Moro Blood Orange Galette

Moro Blood Orange Galette (Tart)

A galette is a classic French tart, with a light crust that is simply folded over the filling. In this case, it’s a combination of almond frangipane and a stunning Moro blood orange filling, making it a treat for both the eyes and the taste buds. You’ll make it on a a weekend, and the leftovers will brighten up your lunchtime on Monday.
Course Dessert

Ingredients
  

Crust:

  • 1 cup all-purpose flour
  • 1/4 teaspoon salt
  • 2 1/2 tablespoons sugar
  • 1/4 tsp ground cardamom
  • 1/8 tsp ground cinnamon
  • 6 tablespoons unsalted butter cold & cut into 1/2-inch cubes
  • 3 tablespoons ice water

Filling:

  • 5 tablespoons butter softened
  • 5 tablespoons sugar
  • 2/3 cup almond flour
  • 1 egg
  • 3-4 Moro blood oranges peeled & sliced into 1/4-inch rounds
  • 1 egg lightly beaten
  • 1 tablespoon sugar

Instructions
 

Crust

  • Measure the flour, salt, sugar, cardamom, and cinnamon into a bowl and stir to blend.
  • Add the cold diced butter and blend using a pastry cutter or your fingers.

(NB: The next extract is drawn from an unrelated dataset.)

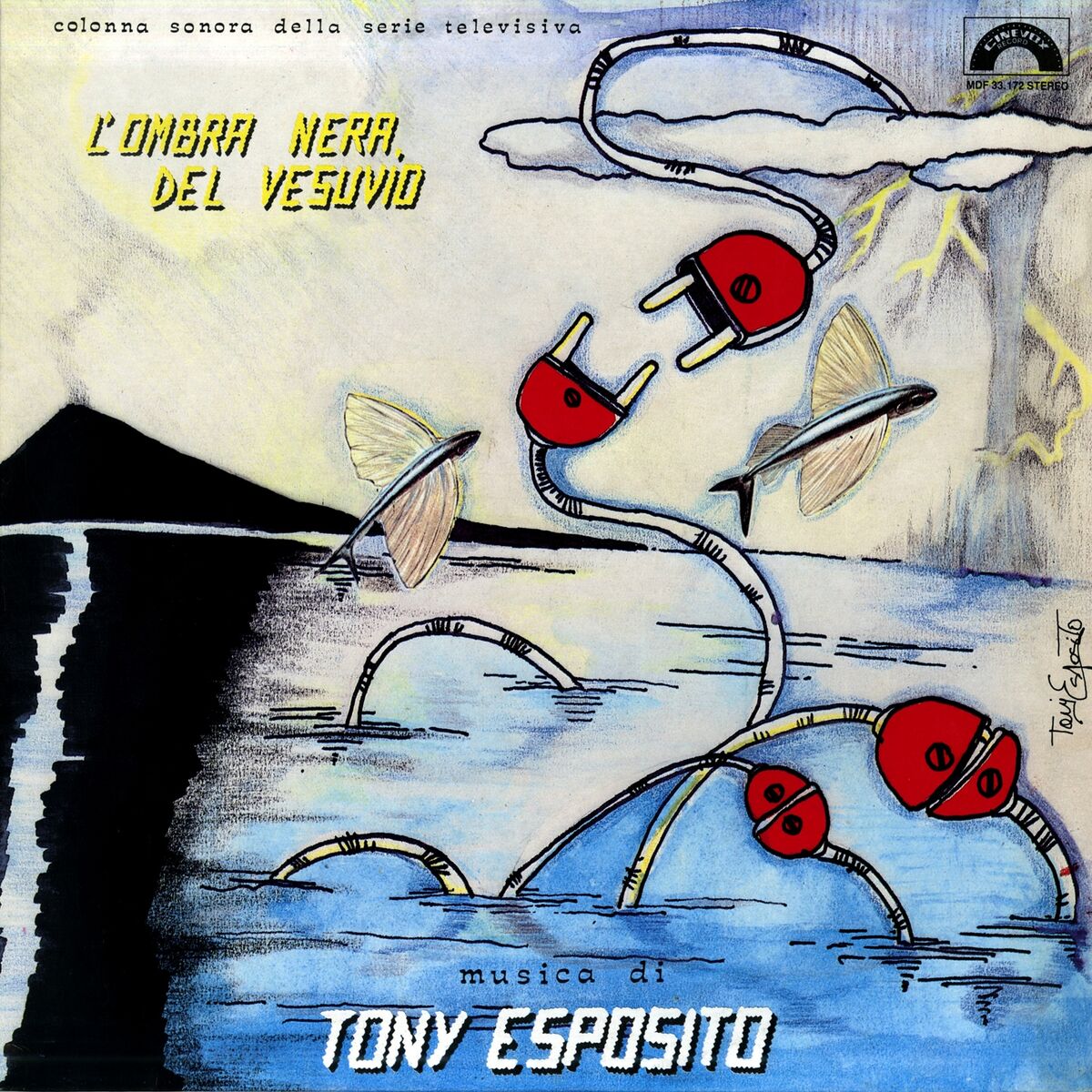 Album cover of L'ombra nera del vesuvio (Colonna sonora della serie televisiva 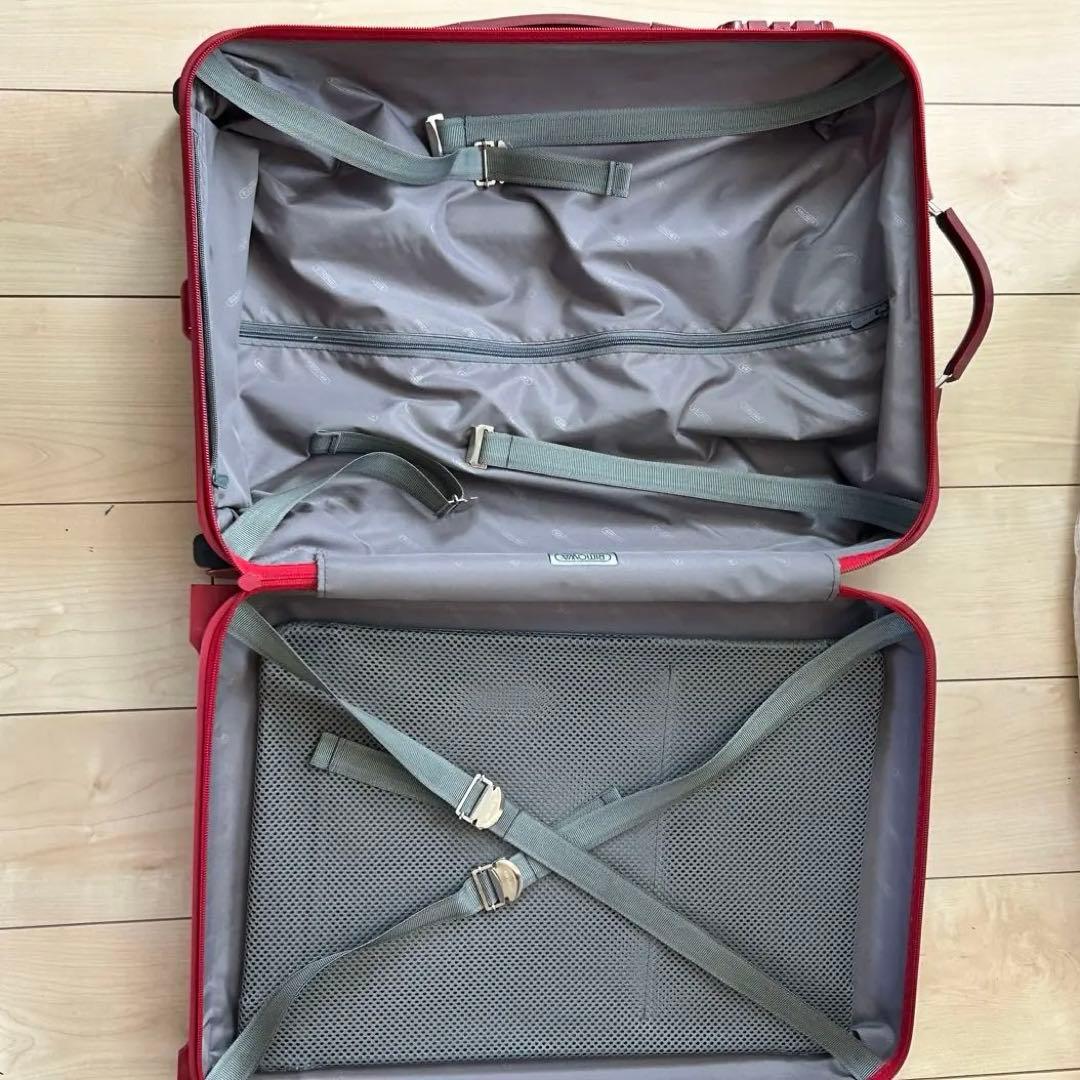 リモワ RIMOWA サルサ キャリーケース トロリー 2輪 赤 機内持込可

Dough should be crumbly in texture, but you should still see pieces of butter in it.
  • Add the ice water a tablespoon at a time, mixing gently with a fork. The dough should just begin to ball together – do not knead.
  • Cut a large sheet of plastic wrap, and ball the dough onto it. Wrap it around the dough and place in the fridge for about 1 hour.

Filling:

  • Make the frangipane by measuring the butter and sugar into a bowl . Beat with a whisk or blender under creamy in texture.
  • Add the almond flour and egg as you continue to stir. The mixture should be smooth in texture.
  • Set aside.
  • Remove all the skin and as much of the white pith as you can from the blood orange slices. Discard any seeds.

Assemble:

  • When you’re ready, remove the pastry from the fridge and roll out on a lightly floured flat surface to a large round. It should be about 1/4 inch thick. Slide it gently onto a cutting board or other large flat sheet.
  • Spread the frangipane over the dough, leaving an edge a little less than 1 inch around the borders.
  • Arrange the blood orange slices over the frangipane. You should have enough for two layers.
  • Fold the edges of the dough over the filling. Place the galette in the fridge for about 20 minutes. Preheat oven to 400°F.
  • Transfer the galette to a baking sheet. Brush the overlapping edges of the dough with the beaten egg, and sprinkle with sugar.
  • Bake for 40 minutes. The edges should be golden brown, and the filling bubbly.